Third, as has been pointed out already, St. Thomas teaches how God made humanity, in His image and likeness, as man and woman.  Women, he says, have the image of God in them just as do men, and they are able to practice that highest intellective contemplation of God just as are men.  This is a particularly important point, for it is discussed in his treatment of the end of man's origin.  In other words, he teaches these matters as part of a discussion about why God made man in the first place.  Thus, it is very clear that Aquinas considered women to have been created in the Image of God to receive His happiness just as were men.   

St.
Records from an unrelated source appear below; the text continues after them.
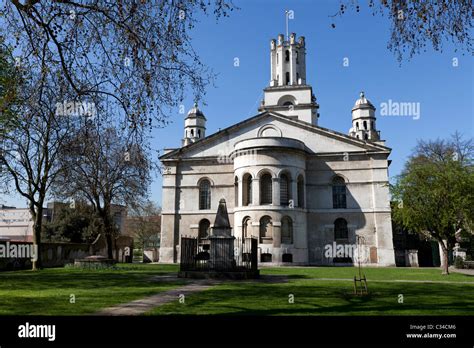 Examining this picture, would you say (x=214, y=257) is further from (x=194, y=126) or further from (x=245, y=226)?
(x=194, y=126)

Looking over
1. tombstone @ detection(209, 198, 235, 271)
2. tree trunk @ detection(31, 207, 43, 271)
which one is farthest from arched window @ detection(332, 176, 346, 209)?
tree trunk @ detection(31, 207, 43, 271)

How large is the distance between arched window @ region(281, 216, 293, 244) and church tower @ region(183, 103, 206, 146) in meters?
21.9

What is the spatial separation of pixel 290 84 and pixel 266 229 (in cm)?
1902

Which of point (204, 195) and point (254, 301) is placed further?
point (204, 195)

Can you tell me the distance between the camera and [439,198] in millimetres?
24125

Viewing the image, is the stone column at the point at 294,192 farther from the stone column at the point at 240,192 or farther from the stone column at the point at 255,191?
the stone column at the point at 240,192

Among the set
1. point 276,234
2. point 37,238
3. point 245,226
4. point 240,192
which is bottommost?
point 37,238

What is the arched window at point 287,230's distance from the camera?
1347 inches

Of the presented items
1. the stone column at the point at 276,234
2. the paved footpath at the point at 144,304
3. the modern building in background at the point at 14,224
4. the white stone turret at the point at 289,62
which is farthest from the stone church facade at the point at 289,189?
the modern building in background at the point at 14,224

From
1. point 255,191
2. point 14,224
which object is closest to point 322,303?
point 255,191

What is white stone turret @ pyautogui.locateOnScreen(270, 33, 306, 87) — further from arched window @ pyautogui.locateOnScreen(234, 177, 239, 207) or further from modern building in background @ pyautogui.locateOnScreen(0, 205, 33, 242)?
modern building in background @ pyautogui.locateOnScreen(0, 205, 33, 242)

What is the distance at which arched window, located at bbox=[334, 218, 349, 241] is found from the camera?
36.9m

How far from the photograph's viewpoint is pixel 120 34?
933 cm

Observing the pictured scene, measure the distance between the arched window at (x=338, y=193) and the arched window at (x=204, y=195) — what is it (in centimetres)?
1244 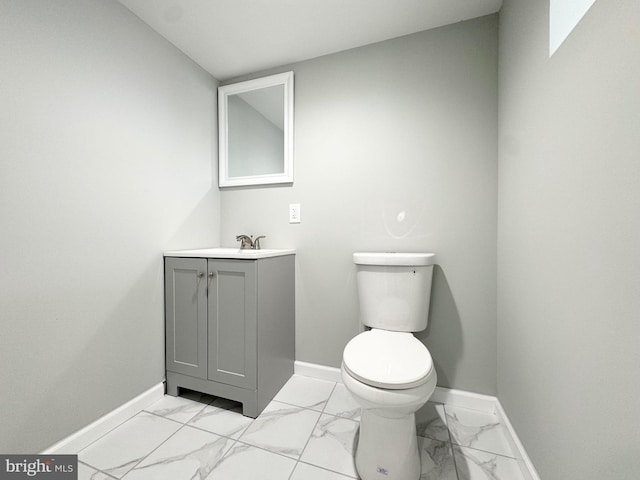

Thomas was not perfect - though he was close.  On some issues (perhaps most famously the Immaculate Conception) he came to erroneous conclusions because of limitations in the understanding of scientific issues in his day.  The case we have examined here is one such instance.  One ought always to turn to the official teaching of the Church when seeking certainty on a given matter, for it is that teaching which is Divinely guarded and protected from error by Lord.  However, when seeking to understand this teaching better, the reasons for this teaching, or its deeper working, St. Thomas is the first source to which to turn.  Not only did he write about virtually everything, but his is the official theology of the Church - the official "way of understanding" things, as set forth by the popes.  His Summa Theologica was even placed on the altar at the council of Trent alongside the Bible!  A valuable source indeed!